What exactly is Rapunzel's importance? We get these really beautifully drawn panels depicting her life centuries ago in Japan, but it is unclear as to why she was not only spared, but she was given a place in the royal court. The writer doesn't really explain why Rapunzel is treated with such high regard and fully accepted into the royal Japanese court, and the scene in which she enters into the court is sort of bizarre. It's also not explained why the character is spared while other Fables characters are persecuted. I think it would have been more interesting if the writer focused more specifically on the decisions and motives of other characters.
The story jumps around a lot. We move from Japan, centuries ago to the present, then back to the past again several times. The jumping around does make things complicated to read and it draws the focus of the story away from Rapunzel's character. We don't really get a sense as to who she is and what she's running away from or why, and a lot of that doesn't make her a very likable character.
I think we're getting a somewhat interesting story on the surface, but as far as the motivations behind the decisions made by some of these characters, that's leaving us in the dark a little bit.

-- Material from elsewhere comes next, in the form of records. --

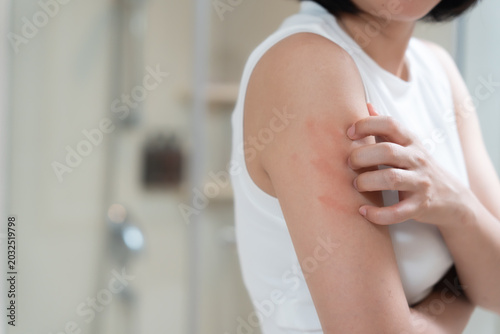 Canvas Print skin problem and beauty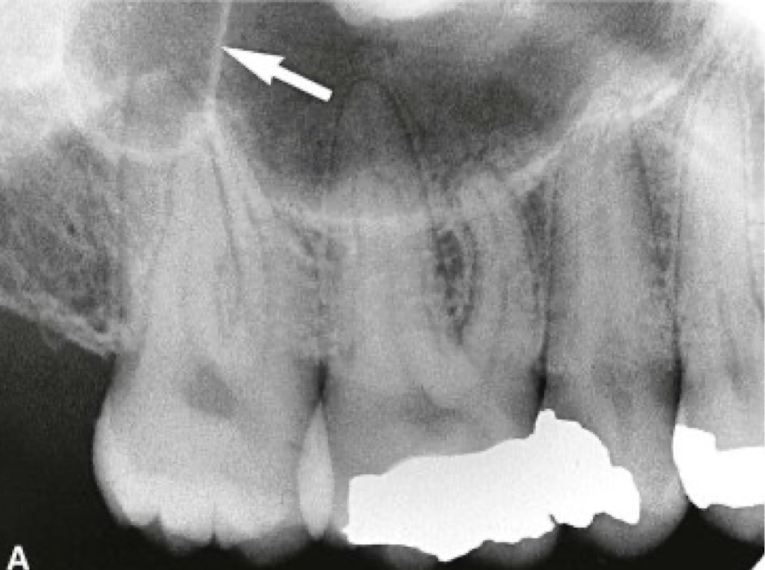 term image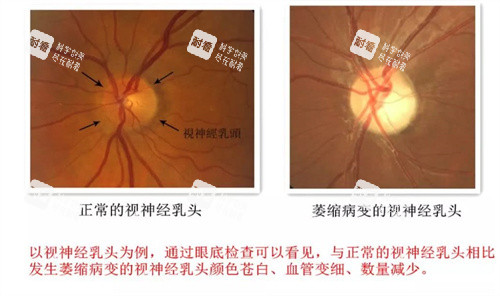 视神经萎缩对比 视神经萎缩对比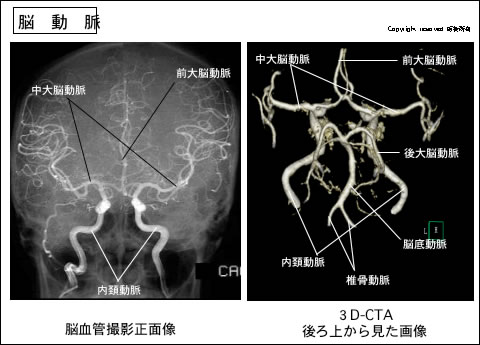 Neuroinfo Japan：脳の動脈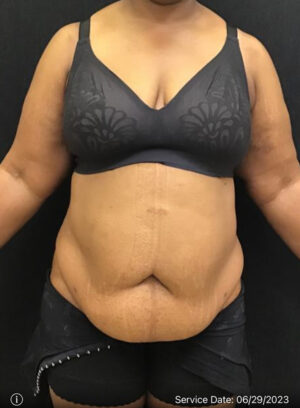 Tummy Tuck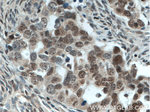 FOXO3A Antibody in Immunohistochemistry (Paraffin) (IHC (P))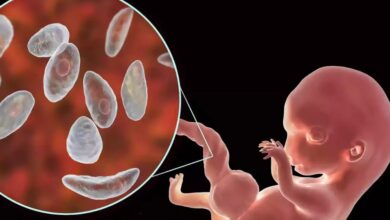 جرثومة الحمل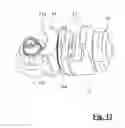 Fig. 13 - Anchoring group for an external fixator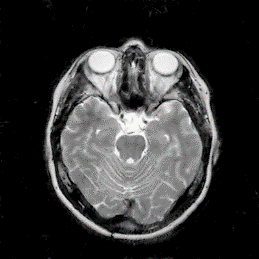 Figure 34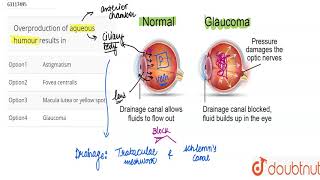 Overproduction of aqueous humour results in [upl. by Norrie290]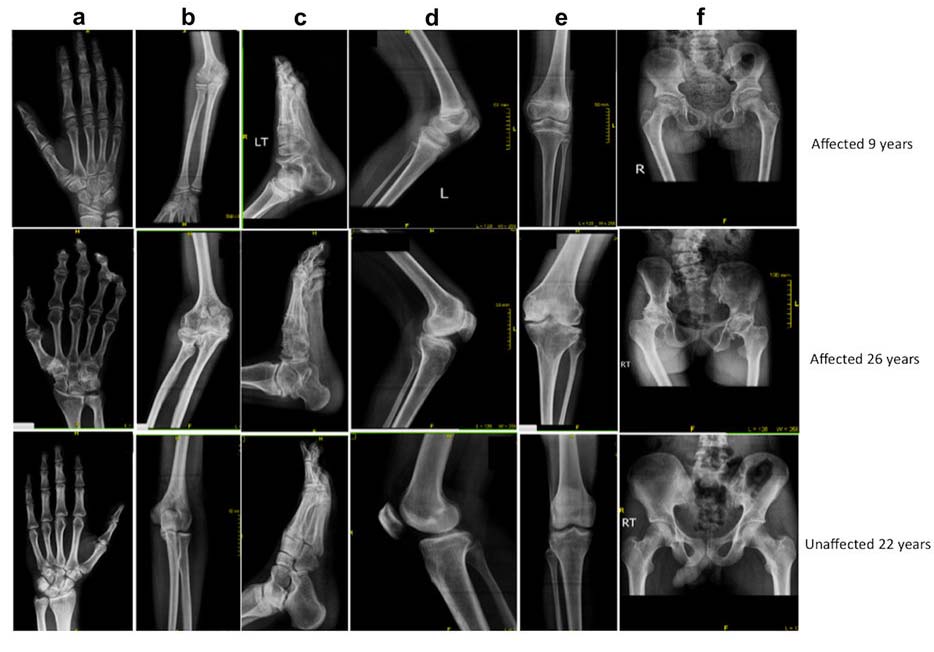 Representative radiographs of affected from both families. (Image: Whole Exome Screening Identifies Novel and Recurrent WISP3 Mutations Causing Progressive Pseudorheumatoid Dysplasia in Jammu and Kashmir, India) Representative radiographs of affected from both families. (Image: Whole Exome Screening Identifies Novel and Recurrent WISP3 Mutations Causing Progressive Pseudorheumatoid Dysplasia in Jammu and Kashmir, India)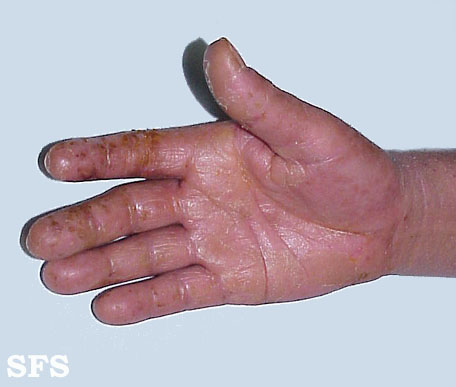 Contact dermatitis. Adapted from Dermatology Atlas.[1]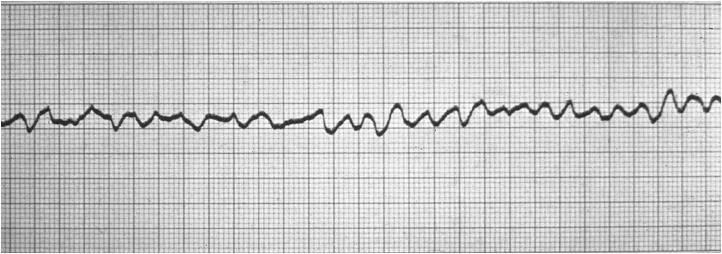 Call the Code team, defibrillate, and administer Magnesium Sulfate. C. Do nothing, this is a normal rhythm. D. Call the Code team, give atropine, prepare for pacemaker. 9.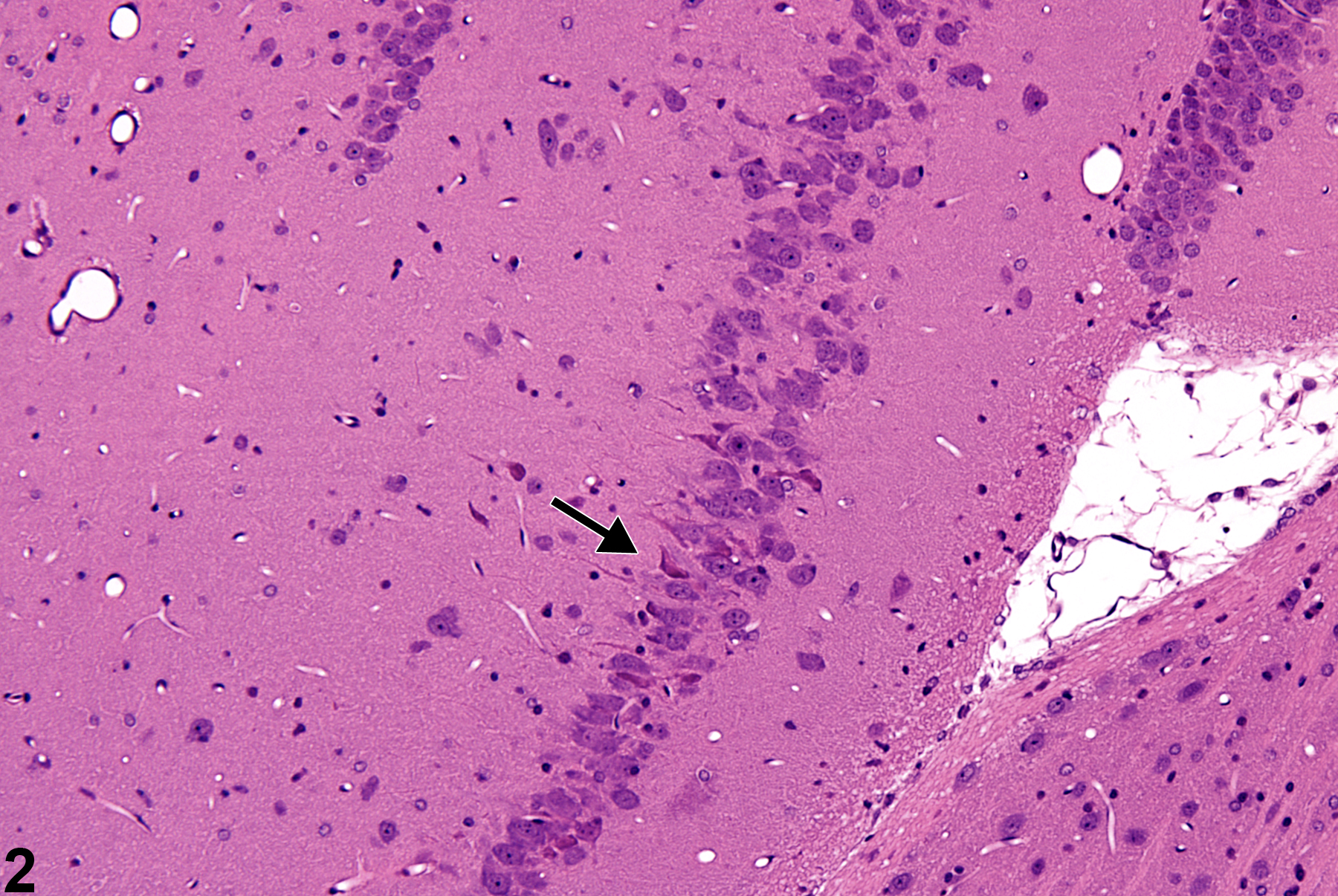 Image of Cell loss (normal comparison) in the Brain from a Male Not specified Rat in a Single dose  Study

The art, like I said, is incredible. It was neat to see the combination of ancient Japan mixed with modern Tokyo in the story, but I'm not so sure how well it meshed due to the way the issue was organized. The story jumps around a lot and is kind of confusing in some parts, and it also makes it difficult to really explore the identity and motivations of the character. We don't get a good sense of who she is, and why she made certain decisions. I really wanted to like this issue and this story arc, but something about it just didn't grab me. Be it because the characters aren't very likable, or because the story jumps around, or maybe because the character's motivations aren't clear. Bottom line, though, it's hard to tell what direction this story is going.